Methods: Nine subjects with atopic asthma received high-dose inhaled fluticasone propionate (FP), 2,000 µg/d for 8 weeks. Fiberoptic bronchoscopy with endobronchial biopsies, spirometry, and histamine provocation challenge were performed on each subject at baseline, after 2 weeks, and again after 8 weeks of therapy. Spearman rank correlation coefficients between changes in parameters of bronchial inflammation and lung function were computed.
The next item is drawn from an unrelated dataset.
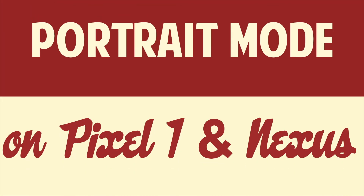Hello people! This is Matt Fisher back with another exciting tutorial. Today I'm going to show you guys how to get the Google Pixel 2's portrait mode on your Google Pixel 1 or Nexus phone.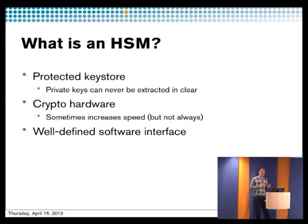An HSM can be divided into different parts. It's a protected key store, which means that you store your keys in the HSM. They don't have to be physically in the HSM — just that they are protected by the HSM. They can be stored on the hard drive but encrypted so that it's only understandable by the HSM, or stored in an LDAP server and then retrieved back. It's used as a protected key store, meaning you can't extract the private key material.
Results: As expected, significant down-regulation of airway inflammation and improvements in lung function were observed after both short-term and long-term therapy with high-dose inhaled FP. During corticosteroid therapy, changes in lymphocyte and macrophage numbers in bronchial biopsy specimens were closely correlated. Changes in EG1+ eosinophils were associated with changes in EG2+ eosinophils after 8 weeks of therapy. Although changes in airway inflammation and changes in lung function were not closely associated after 2 weeks of therapy, changes in eosinophils (EG1) in bronchial biopsy specimens correlated with changes in bronchodilator response (r = 0.77, p = 0.016) after 8 weeks of therapy.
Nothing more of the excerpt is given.